PLF 2025 : retour à la case départ pour la partie recettes
La partie recettes du projet de loi de finances pour 2025 a été rejetée samedi en commission des finances après avoir durant quatre jours été passée à la moulinette, entre amendements de suppression et création de nouvelles taxes. C'est donc dans sa version initiale que le texte arrive en discussion dans l'hémicycle. Avec une grande incertitude quant au sort qui lui sera réservé. Toute une série d'amendements adoptés en commission concernaient les collectivités ou les acteurs locaux, dont le secteur du logement social.

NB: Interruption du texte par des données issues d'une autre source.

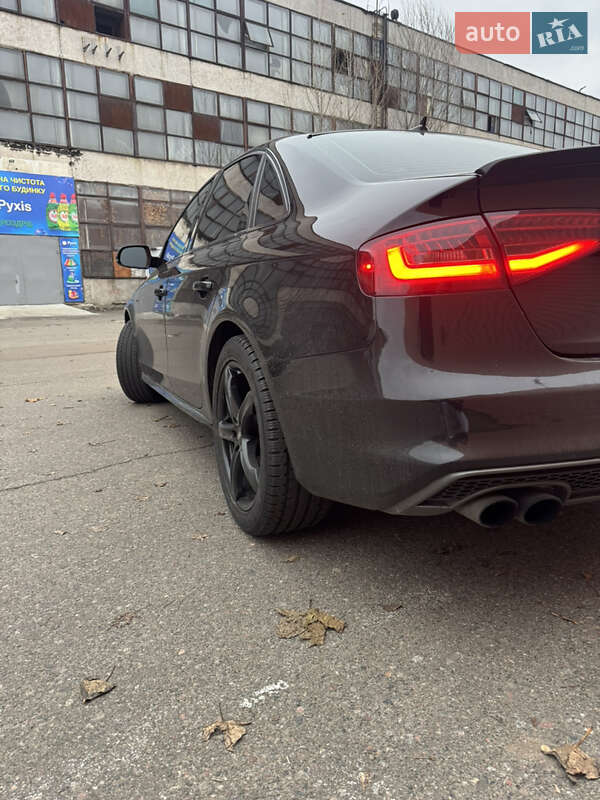 Седан Audi A4 2014 в Києві фото 3 Седан Audi A4 2014 в Києві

L'examen de la première partie du projet de loi de finances pour 2025, à savoir la partie recettes, devait débuter ce lundi 21 octobre à partir de 21h30 dans l'hémicycle de l'Assemblée nationale où les débats s'annoncent très tendus, certaines mesures phares se heurtant à un mur des oppositions, voire de certains soutiens de Michel Barnier.
Le PLF ayant été rejeté samedi en fin de journée en commission des finances, c'est dans sa version initiale qu'il arrive en séance publique, comme le veut la règle pour les textes budgétaires. Un mal pour un bien pour le gouvernement, qui a vu sa copie largement réécrite en commission, laissant présager des heures de débats difficiles dans l'hémicycle.

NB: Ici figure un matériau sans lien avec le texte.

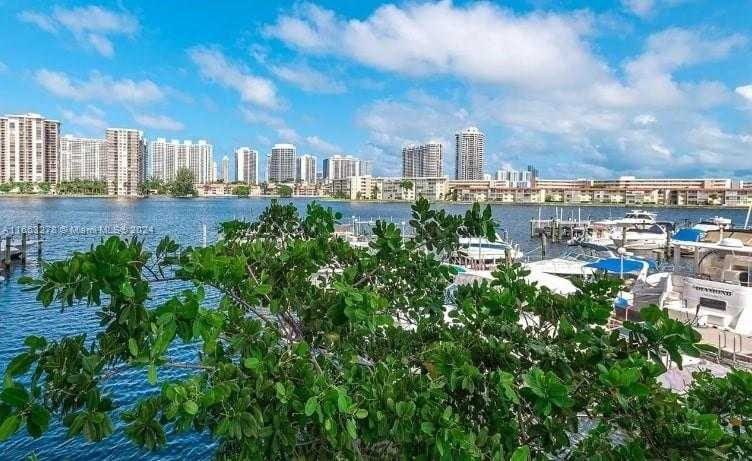 Small Image of 18061 BISCAYNE BLVD #702, Aventura Number 36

Un texte presque méconnaissable
Que s'est-il passé en commission des finances durant les quatre jours d'examen ? Le PLF a été passé à la moulinette, devenant presque méconnaissable : articles clés supprimés, amendements à plusieurs milliards d'euros adoptés, nouvelles taxes ou exonérations en grande quantité...

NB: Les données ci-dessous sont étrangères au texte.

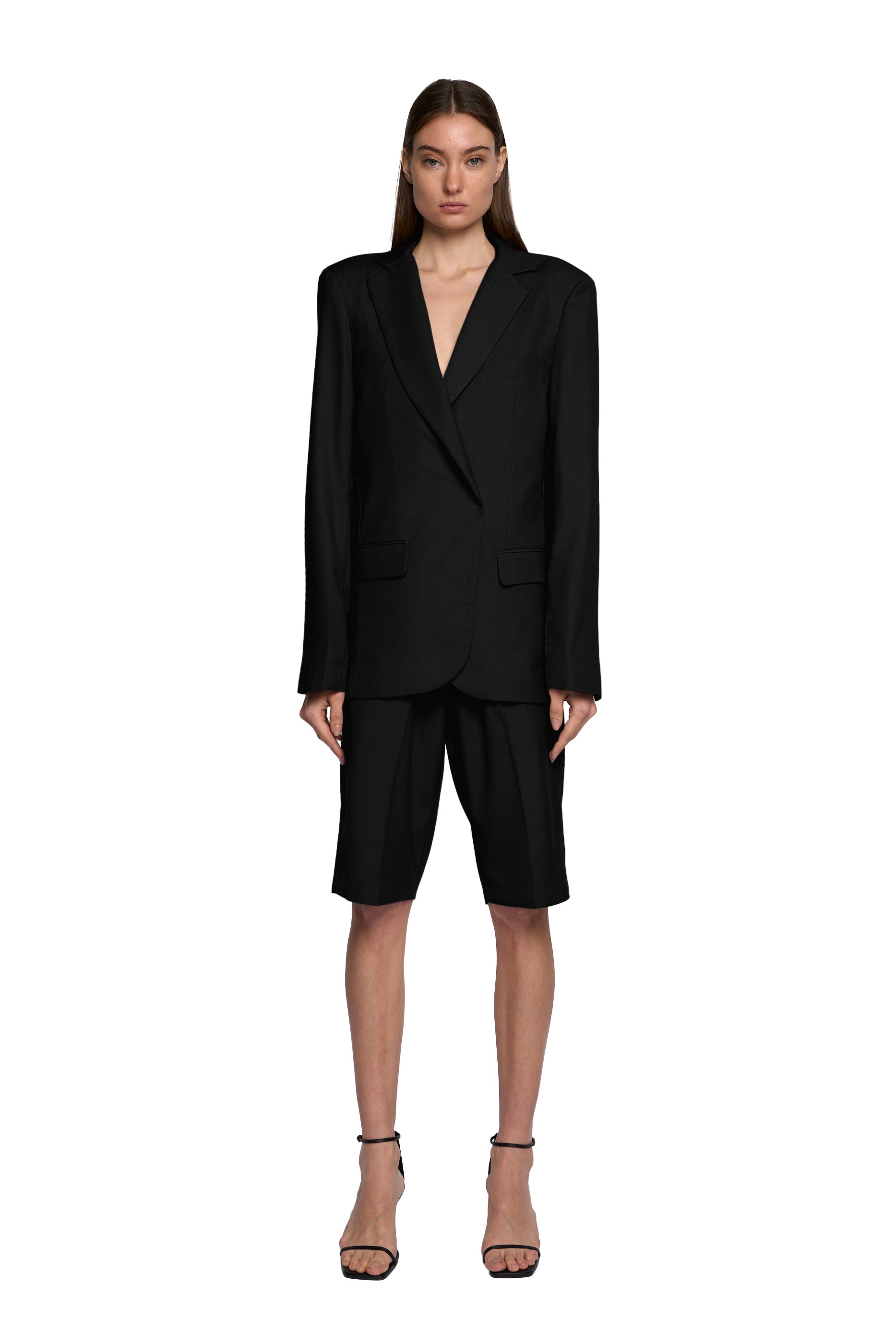 BOXY SUIT IN BLACK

Parmi les pans purement et simplement rejetés, des dispositions sur la fiscalité écologique : les hausses de taxes sur l'électricité, les chaudières à gaz et les véhicules thermiques sont ainsi passées à la trappe.
Même chose pour les collectivités locales : les articles visant à geler ou raboter leurs recettes ont été supprimés, les députés leur accordant au contraire une rallonge de 500 millions d'euros (voir ci-dessous).
Mais l'équilibre du projet de loi a surtout été bouleversé par une cascade de nouvelles taxes, souvent à l'initiative de la gauche. La France insoumise s'est ainsi félicitée de "victoires" sur les "superprofits" et les multinationales, pour un total de plus de 40 milliards. Le "socle commun" de la droite et du centre n'a en effet pas pu empêcher les votes en faveur d'une taxe pérenne sur les hauts revenus. Pas plus qu'il n'a pu réfréner un durcissement des mesures sur les rachats d'actions ou le crédit d'impôt recherche.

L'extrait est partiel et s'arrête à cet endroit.